Software

Factor Augmented Sparse Throughput Deep ReLU Neural Networks

The software implements factor augmented sparse throughput deep ReLU Neural Networks that select important variables in the neural networks with or without factor structure in high-dimensional inputs. It encompasses both nonparametric sparse regression and sparse linear models with or without model structure. It also includes nonparametric factor regression model and principal component regression model as specific examples.

Soft Codes in Python

Fan, J. and Gu, Y. (2022).
Factor Augmented Sparse Throughput Deep ReLU Neural Networks for High Dimensional Regression.
Manuscript.

Iteratively Projected SVD for Tensor Factor Analysis

The software computes low-rank tensor decomposition with auxiliary covariates. It iteratively projects tensor data onto the linear space spanned by the basis functions of covariates and applies SVD on matricized tensors over each mode.

python code

Semiparametric Tensor Factor Analysis by \\ Iteratively Projected SVD

Estimating the number of factors by adjusted eigenvalues thresholding

Under some conditions, the number of factors = the number of population eigenvalues exceeding 1 for the correlation matrix.

To implement this, it is estimated by the number of biased corrected eigenvalues of sample correlation matrix exceeding 1 + C sqrt(p/(n-1)), where p = dimensionality, n = sample size, and C is a tuning parameter. The default C = 1.

R-code, matlab-code, python

Fan, J., Guo, J., and Zheng, S. (2022).
Estimating number of factors by adjusted eigenvalues thresholding.
Journal of American Statistical Association, 117, 852-861.

FarmTest: Factor Adjusted Robust Multiple Testing

Performs robust multiple testing for means in the presence of known and unknown latent factors. It implements a robust procedure to estimate distribution parameters using the Huber's loss function and accounts for strong dependence among coordinates via an approximate factor model.

Main functions:

farm.test(X,...): one-sample multiple tests;
farm.test(X,Y,...): two-sample multiple tests.

Reference:

Bose, K., Fan, J., Ke, Y. Pan, X. and Zhou, W.-X. (2020).
FarmTest: An R Package for Factor-Adjusted Robust Multiple Testing.
The R Journal, 12, 388-401.
Fan, J., Ke, Y., Sun, Q., and Zhou, W.X. (2019).
FarmTest: Factor-adjusted robust multiple testing with false discovery control.
Journal of American Statistical Association, 114, 1880-1893.
Zhou, W.-X., Bose, K., Fan, J. and Liu, H. (2018).
A new perspective on robust M-estimation: Finite sample theory and applications to dependence-adjusted multiple testing.
Annals of Statistics , 46, 1904-1931.
Manuscript

FarmSelect: Factor Adjusted Robust Model Selection

Implements a consistent model selection strategy for high dimensional sparse regression when the covariate dependence can be reduced through factor models.
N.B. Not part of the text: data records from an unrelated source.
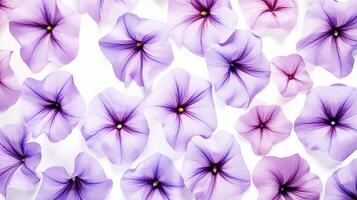 Petunia flower patterned background. Flower texture background. Generative AI photo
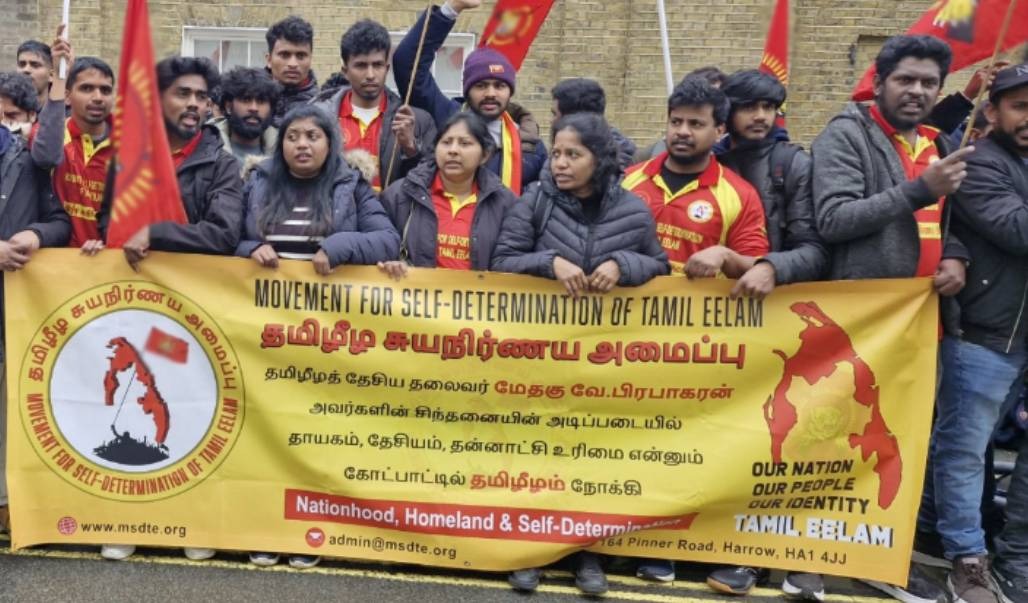 தையிட்டியில் பௌத்த விகாரை – உடனடியாக அகற்ற வேண்டுமென லண்டனில் கவனயீர்ப்பு போராட்டம்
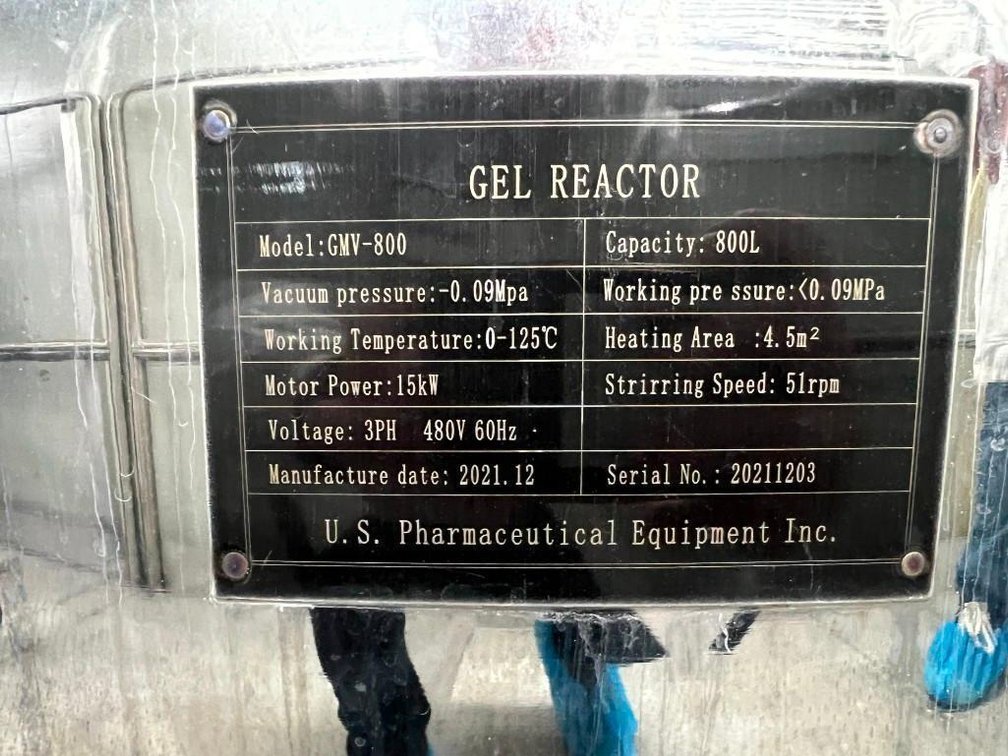 Image for MJK1889 Gelatin Reactor 800L on Mezzanine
By separating the latent factors from idiosyncratic components, the problem is transformed from model selection with highly correlated covariates to that with weakly correlated variables.

Usage: farm.res(X, K.factors = NULL, robust = FALSE)

Reference:

Fan, J., Ke, Y., Wang, K. (2017).
Decorrelation of Covariates for High Dimensional Sparse Regression
Manuscript.

Matlab codes for Adaptive Huber estimation

This is the matlab codes used for simulation and real data analysis for the paper below. It computes robust mean regression for high-dimensional feature space with variable selection.

Reference:

Fan, J., Li, Q., and Wang, Y. (2017).
Estimation of high-dimensional mean regression in absence of symmetry and light-tail assumptions. Journal of Royal Statistical Society B , 79, 247--265.

pfa: an R package for "Estimates False Discovery Proportion Under Arbitrary Covariance Dependence"

by Jianqing Fan, Tracy Ke, Sydney Li and Lucy Xia

This package contains functions for performing multiple testing and estimating the false discovery proportion (FDP) under dependence.

Main functions: pfa.test(X,...): one-sample multiple tests;
pfa.test(X,Y,...): two-sample multiple tests.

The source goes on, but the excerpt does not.